Prohibition Champagne: Now the Hard Rock Hotel, the Carbide and Carbon building was built during the Prohibition by Chicago by Daniel and Hubert Burnham to resemble a champagne bottle with a foil top. While most buildings in Chicago at the time sported a light gray limestone facade, the Carbide and Carbon building was domposed of a polished black granite base and a tower covered in deep green terra cotta – a poke at the repressive Prohibition Era laws. It is one of a handful of Chicago skyscrapers to be allowed to have its tower lights permanently illuminated.
The first Hood farm was in Derry, New Hampshire. Hood started the farm to guarantee a supply of good wholesome milk. The milk was shipped by rail into the plant in Boston. He later opened more farms in Maine to supplement the New Hampshire farm to meet the demand for the fresh milk. If you visit the Boston Children’s Museum you’ll see the giant Hood bottle outside. In warmer months, you can get snacks and ice cream from the bottle! It’s a New England tradition. If you look closely to the right of the top of the bottle, you can see a giant Arthur sitting on the yellow part of the building!
1913 Beer Bottle Car Postcard Billings, Montana found on eBay for $112.00.
The giant Braum’s milk bottle sits on top of a little building in Oklahoma City on an island in the middle of Classen Blvd. The building now houses a small Asian sandwich shop, but the bottle remains.
Emerson Bromo-Seltzer Tower – Baltimore, Maryland – This historic structure, which is listed on the National Register of Historic Places, was modeled after the Palazzo Vecchio in Florence, Italy. It was completed in 1911 and has been a Baltimore landmark ever since. The tower was designed by Joseph Evans Sperry and built by Captain Isaac Emerson, the inventor of Bromo-Seltzer. The tower was originally topped with a 51-foot revolving replica of the blue Bromo-Seltzer bottle, which was illuminated by 596 lights and could be seen from 20 miles away. The four clock faces are all still working; however, the bottle had to be removed in 1936 due to structural concerns.
Check out the massive Photomosaic of a Coke bottle on the side of a building in Mexico.

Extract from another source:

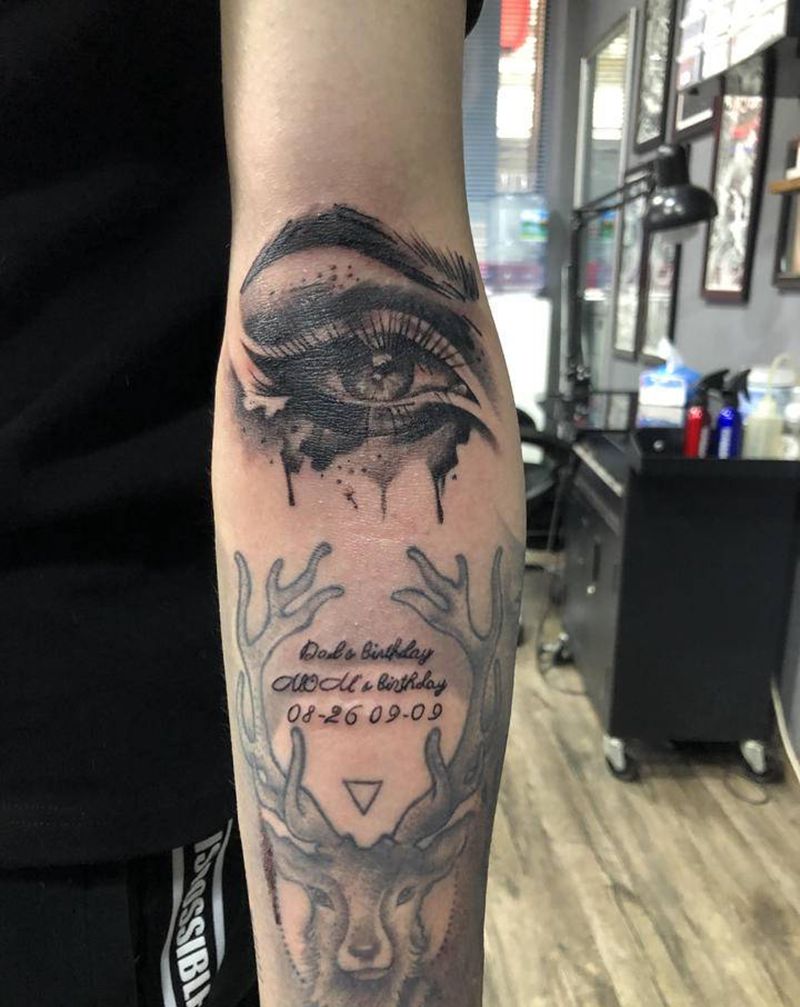 黑灰眼睛纹身图片_手臂欧美写实纹身图案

They say that the World’s Largest Milk Bottle is located in Oklahoma City. It is a uniquely shaped little structure sitting alongside an old alignment of Route 66. Originally known as “Triangle Grocery and Market”, the building changed its name to “Milk Bottle Grocery” shortly after a large metal milk bottle sign was added to the roof in 1948.
Benewah Milk Bottle in Spokane, Washington was built in 1935. Now it functions as an antique shop.

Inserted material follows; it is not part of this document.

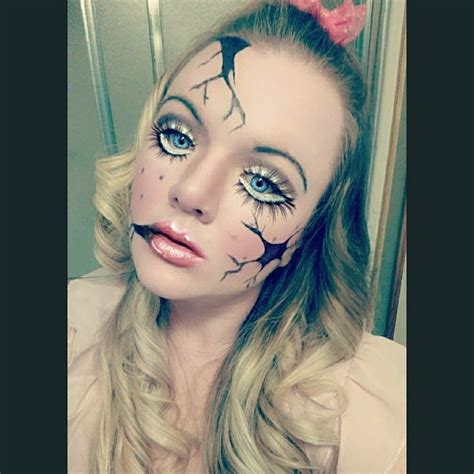 Broken Doll Makeup For Halloween 💋🎃💄 Broken Doll Makeup Broken Doll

This enormous Coke bottle used to house a Coca- Cola museum where you could sample dozens of different Coke products from around the world. Sadly it is now closed.
The Brown-Forman Corporation in Louisville, Kentucky has a water tower shaped like one of its liquor products.
The World’s Largest Catsup Bottle towers over Collinsville, Illinois. This 170 ft. tall water tower was built in 1949 by the W.E. Caldwell Company. A bottle of catsup big enough to top the Wienermobile!